Since the adoption of the Bill of Rights in 1791, the government has been prohibited from gathering evidence for use in a prosecution against an American citizen in a courtroom unless the government could prove the existence of probable cause that a crime has been committed. The hard won legislative compromise previously embodied in FISA reduced the probable cause requirement only for national security intelligence gathering. The Patriot Act effectively eliminates that compromise by allowing the Executive Branch to bypass the Fourth Amendment in gathering evidence for a criminal prosecution…
Thus, FISA now permits the Executive Branch to conduct surveillance and searches of American citizens without satisfying the probable cause requirements of the Fourth Amendment…
The FISA also allows the government to retain information collected, and use the collected information in criminal prosecutions without providing any meaningful opportunity for the target of the surveillance to challenge its legality. Nor does FISA require notice. The Fourth Amendment ordinarily requires that the subject of a search be notified that the search has occurred. Although in some circumstances the government is permitted to delay the provision of notice, the Supreme Court has never upheld a statute that, like FISA, authorizes the government to search a person’s home or intercept his communications without ever informing the person that his or her privacy has been violated. Except for the investigations that result in criminal prosecutions, FISA targets never learn that their homes or offices have been searched or that their communications have been intercepted. Therefore, most FISA targets have no way of
challenging the legality of the surveillance or obtaining any remedy for violations of their constitutional rights…
It is notable that our Founding Fathers anticipated this very conflict as evidenced by the discussion in the Federalist Papers. Their concern regarding unrestrained government resulted in the separation of powers, checks and balances, and ultimately, the Bill of Rights. Where these important objectives merge, it is critical that we, as a democratic Nation, pay close attention to traditional Fourth Amendment principles. The Fourth Amendment has served this Nation well for 220 years, through many other perils…
Moreover, the constitutionally required interplay between Executive action, Judicial decision, and Congressional enactment, has been eliminated by the FISA amendments. Prior to the amendments, the three branches of government operated with thoughtful and deliberate checks and balances – a principle upon which our Nation was founded. These constitutional checks and balances effectively curtail overzealous executive, legislative, or judicial activity regardless of the catalyst for overzealousness. The Constitution contains bedrock principles that the framers believed essential. Those principles should not be easily altered by the expediencies of the moment…
In place of the Fourth Amendment, the people are expected to defer to the Executive Branch and its representation that it will authorize such surveillance only when appropriate. The defendant here is asking this court to, in essence, amend the Bill of Rights, by giving it an interpretation that would deprive it of any real meaning. This court declines to do so.

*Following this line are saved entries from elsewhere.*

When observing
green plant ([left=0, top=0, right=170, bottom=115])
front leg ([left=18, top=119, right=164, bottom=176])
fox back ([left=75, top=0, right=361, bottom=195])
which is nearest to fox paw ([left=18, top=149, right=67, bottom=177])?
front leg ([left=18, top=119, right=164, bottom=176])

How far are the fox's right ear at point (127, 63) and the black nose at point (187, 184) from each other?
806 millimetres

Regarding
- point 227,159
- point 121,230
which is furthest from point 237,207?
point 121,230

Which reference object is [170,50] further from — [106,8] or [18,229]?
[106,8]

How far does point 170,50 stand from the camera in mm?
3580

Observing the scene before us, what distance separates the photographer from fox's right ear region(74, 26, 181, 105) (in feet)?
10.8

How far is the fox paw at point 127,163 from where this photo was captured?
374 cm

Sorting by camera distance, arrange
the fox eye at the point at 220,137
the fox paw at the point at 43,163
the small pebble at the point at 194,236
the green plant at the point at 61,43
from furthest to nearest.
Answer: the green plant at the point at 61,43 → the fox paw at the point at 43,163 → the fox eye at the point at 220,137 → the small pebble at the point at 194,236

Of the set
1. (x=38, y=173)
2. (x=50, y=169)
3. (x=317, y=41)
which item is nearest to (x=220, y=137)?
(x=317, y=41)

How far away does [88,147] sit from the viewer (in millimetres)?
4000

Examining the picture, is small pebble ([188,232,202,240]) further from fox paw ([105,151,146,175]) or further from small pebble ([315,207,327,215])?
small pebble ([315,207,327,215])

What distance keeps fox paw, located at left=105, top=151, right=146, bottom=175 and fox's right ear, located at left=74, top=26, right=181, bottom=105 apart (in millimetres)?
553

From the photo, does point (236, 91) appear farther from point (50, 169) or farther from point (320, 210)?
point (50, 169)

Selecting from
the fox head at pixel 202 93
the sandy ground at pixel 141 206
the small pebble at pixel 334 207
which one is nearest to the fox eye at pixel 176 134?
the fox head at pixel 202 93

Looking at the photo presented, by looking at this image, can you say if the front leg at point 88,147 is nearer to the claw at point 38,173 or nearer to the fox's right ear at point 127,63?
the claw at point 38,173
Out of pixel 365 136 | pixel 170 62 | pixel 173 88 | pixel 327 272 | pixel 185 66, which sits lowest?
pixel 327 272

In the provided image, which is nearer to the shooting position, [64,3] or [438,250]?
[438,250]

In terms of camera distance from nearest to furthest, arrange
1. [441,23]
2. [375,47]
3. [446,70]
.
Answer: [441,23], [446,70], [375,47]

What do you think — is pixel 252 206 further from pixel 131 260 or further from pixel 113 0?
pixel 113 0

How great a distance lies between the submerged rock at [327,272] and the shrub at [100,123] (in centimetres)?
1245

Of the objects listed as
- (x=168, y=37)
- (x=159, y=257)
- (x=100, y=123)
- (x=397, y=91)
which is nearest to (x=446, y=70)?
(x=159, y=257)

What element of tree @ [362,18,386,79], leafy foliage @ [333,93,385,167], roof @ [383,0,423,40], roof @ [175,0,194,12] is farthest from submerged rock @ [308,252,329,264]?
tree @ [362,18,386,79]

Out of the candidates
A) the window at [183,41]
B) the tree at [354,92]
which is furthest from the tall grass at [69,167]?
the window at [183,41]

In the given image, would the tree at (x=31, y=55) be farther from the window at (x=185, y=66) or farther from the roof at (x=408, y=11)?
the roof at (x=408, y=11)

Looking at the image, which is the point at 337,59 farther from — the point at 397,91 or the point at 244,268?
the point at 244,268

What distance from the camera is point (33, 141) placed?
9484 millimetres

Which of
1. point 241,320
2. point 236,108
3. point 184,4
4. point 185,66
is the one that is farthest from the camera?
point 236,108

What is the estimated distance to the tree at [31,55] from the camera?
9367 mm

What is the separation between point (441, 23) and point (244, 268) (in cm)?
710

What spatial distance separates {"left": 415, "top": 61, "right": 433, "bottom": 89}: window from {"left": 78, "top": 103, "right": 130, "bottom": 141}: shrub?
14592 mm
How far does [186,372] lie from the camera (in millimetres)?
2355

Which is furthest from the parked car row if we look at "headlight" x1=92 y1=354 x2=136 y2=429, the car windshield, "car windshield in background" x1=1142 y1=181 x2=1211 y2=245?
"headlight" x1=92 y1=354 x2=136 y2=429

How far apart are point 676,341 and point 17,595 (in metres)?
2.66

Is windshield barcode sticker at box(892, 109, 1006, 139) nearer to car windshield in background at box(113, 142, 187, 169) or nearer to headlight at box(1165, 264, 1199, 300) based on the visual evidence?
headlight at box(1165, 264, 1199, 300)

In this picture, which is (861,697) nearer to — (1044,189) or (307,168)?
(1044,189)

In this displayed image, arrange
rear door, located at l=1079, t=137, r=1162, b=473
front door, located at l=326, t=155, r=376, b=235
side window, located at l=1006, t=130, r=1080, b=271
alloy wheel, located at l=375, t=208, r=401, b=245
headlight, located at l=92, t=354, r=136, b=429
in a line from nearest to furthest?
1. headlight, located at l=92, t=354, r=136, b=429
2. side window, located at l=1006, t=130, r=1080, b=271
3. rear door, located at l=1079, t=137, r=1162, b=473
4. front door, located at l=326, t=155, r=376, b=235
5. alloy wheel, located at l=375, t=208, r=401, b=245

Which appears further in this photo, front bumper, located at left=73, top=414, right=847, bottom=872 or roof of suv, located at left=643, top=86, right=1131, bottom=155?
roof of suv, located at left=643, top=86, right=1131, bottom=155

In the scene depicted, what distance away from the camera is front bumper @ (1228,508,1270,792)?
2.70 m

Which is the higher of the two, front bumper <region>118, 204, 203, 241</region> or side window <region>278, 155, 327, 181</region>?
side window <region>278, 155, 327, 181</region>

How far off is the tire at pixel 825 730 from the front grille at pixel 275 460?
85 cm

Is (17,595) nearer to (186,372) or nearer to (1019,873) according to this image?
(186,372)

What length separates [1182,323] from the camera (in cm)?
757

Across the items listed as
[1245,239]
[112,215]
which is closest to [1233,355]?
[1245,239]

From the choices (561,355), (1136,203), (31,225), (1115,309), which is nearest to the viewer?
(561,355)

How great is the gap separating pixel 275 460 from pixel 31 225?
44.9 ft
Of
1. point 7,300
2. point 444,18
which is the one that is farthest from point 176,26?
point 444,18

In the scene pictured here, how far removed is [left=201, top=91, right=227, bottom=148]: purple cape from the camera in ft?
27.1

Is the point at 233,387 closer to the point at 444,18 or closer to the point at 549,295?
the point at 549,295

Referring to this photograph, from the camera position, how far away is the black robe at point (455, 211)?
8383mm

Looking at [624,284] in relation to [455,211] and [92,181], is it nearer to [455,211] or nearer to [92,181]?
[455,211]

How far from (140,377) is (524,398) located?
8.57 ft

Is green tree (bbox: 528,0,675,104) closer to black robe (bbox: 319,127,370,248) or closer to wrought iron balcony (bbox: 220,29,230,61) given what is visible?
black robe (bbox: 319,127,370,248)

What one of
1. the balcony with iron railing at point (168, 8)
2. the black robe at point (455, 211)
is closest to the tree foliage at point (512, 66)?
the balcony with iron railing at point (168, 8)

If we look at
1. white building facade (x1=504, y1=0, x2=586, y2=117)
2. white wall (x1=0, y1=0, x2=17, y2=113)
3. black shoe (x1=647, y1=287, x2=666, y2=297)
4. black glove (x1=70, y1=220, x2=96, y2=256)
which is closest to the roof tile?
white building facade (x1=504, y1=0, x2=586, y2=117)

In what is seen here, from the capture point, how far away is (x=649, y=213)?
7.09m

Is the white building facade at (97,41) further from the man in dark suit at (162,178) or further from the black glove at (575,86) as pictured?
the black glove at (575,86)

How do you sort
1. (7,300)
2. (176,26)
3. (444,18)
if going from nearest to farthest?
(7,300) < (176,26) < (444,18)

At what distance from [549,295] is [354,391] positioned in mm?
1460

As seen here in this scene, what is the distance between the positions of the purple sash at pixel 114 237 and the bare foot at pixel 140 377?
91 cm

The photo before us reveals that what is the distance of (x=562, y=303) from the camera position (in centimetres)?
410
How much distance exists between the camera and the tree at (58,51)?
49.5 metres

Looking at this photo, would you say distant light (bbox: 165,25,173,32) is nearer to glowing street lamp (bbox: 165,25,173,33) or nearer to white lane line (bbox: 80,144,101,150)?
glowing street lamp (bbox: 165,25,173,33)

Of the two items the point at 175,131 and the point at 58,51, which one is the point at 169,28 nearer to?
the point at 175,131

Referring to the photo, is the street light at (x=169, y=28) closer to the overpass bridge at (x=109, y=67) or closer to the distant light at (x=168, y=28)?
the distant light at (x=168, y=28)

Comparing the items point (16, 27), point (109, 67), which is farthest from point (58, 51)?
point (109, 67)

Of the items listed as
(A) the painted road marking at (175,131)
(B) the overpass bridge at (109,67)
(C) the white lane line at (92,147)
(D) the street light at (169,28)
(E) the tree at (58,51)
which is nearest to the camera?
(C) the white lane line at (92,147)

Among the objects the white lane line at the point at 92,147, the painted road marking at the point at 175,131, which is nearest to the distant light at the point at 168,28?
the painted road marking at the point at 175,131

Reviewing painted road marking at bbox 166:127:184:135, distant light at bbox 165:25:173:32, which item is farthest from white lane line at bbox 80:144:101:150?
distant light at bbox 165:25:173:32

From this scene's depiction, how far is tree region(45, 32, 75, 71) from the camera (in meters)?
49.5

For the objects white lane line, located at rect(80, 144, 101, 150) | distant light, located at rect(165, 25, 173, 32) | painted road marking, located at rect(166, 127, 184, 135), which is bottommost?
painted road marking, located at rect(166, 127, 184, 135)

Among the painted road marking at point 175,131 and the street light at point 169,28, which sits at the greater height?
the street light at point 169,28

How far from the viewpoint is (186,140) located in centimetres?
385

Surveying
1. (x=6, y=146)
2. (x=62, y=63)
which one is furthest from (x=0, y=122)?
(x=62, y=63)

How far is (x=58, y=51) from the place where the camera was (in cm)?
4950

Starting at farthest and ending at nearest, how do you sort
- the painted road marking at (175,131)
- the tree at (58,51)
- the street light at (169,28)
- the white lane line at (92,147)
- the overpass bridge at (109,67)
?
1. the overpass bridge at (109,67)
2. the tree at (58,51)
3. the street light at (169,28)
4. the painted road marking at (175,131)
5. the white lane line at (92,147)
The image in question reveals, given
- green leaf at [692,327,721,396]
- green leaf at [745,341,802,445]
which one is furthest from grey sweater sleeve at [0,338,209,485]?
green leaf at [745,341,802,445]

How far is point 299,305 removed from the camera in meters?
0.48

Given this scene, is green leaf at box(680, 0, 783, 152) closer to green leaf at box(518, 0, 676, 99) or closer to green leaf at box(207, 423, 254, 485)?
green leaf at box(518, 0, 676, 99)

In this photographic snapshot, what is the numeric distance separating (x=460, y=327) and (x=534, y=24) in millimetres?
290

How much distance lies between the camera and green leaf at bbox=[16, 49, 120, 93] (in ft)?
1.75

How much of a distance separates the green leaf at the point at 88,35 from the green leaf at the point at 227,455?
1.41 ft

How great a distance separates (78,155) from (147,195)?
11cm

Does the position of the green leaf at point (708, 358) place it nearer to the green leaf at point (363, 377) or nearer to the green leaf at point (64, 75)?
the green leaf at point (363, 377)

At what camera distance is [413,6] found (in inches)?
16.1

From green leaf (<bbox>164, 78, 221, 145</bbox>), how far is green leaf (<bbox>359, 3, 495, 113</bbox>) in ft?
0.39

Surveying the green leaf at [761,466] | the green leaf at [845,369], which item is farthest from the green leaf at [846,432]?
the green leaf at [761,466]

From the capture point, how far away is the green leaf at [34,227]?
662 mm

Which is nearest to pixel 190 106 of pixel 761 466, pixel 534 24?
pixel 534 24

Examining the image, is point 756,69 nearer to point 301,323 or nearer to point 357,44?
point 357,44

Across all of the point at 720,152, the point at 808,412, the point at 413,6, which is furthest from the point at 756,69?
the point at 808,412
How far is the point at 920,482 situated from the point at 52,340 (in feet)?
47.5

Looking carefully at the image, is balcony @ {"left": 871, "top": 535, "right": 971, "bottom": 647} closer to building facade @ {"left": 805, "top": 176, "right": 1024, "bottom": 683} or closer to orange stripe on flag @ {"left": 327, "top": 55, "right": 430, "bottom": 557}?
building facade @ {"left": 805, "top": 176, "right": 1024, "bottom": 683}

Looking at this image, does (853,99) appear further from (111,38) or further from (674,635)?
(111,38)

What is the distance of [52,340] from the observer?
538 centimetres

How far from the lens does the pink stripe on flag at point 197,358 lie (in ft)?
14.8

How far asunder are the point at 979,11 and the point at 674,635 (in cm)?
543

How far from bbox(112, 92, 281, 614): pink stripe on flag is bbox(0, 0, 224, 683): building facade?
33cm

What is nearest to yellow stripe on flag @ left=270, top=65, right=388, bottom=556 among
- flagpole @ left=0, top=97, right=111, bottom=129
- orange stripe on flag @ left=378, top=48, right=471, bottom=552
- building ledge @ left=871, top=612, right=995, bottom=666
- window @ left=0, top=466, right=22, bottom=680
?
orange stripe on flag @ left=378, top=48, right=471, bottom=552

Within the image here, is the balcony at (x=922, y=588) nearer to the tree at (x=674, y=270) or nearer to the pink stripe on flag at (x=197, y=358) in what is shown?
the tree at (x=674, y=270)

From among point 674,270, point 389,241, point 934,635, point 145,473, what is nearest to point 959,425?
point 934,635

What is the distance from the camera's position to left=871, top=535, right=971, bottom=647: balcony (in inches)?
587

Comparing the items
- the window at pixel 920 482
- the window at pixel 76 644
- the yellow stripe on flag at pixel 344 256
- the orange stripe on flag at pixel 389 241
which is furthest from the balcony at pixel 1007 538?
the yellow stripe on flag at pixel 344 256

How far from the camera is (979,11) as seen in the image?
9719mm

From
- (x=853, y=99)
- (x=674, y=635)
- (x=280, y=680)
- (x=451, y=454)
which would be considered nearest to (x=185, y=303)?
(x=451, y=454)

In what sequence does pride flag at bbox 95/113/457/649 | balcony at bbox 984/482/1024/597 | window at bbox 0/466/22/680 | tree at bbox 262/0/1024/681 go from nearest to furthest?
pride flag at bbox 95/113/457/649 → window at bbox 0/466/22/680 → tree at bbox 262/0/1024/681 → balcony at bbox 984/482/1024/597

For over 200 years, this Nation has adhered to the rule of law – with unparalleled success. A shift to a Nation based on extra-constitutional authority is prohibited, as well as ill advised.
Well said, your honor. This ruling will immediately appealed, of course, and a stay is almost inevitable. Unfortunately, the door is open for the appeals court to dodge the issue with an asinine standing argument. The government actually claimed in this case that Mayfield has no standing to sue because the harm to him already occurred and is over now. It’s a ridiculous argument, but don’t be surprised to see the appeals court, even in the 9th circuit, use that as a way of dodging the issue.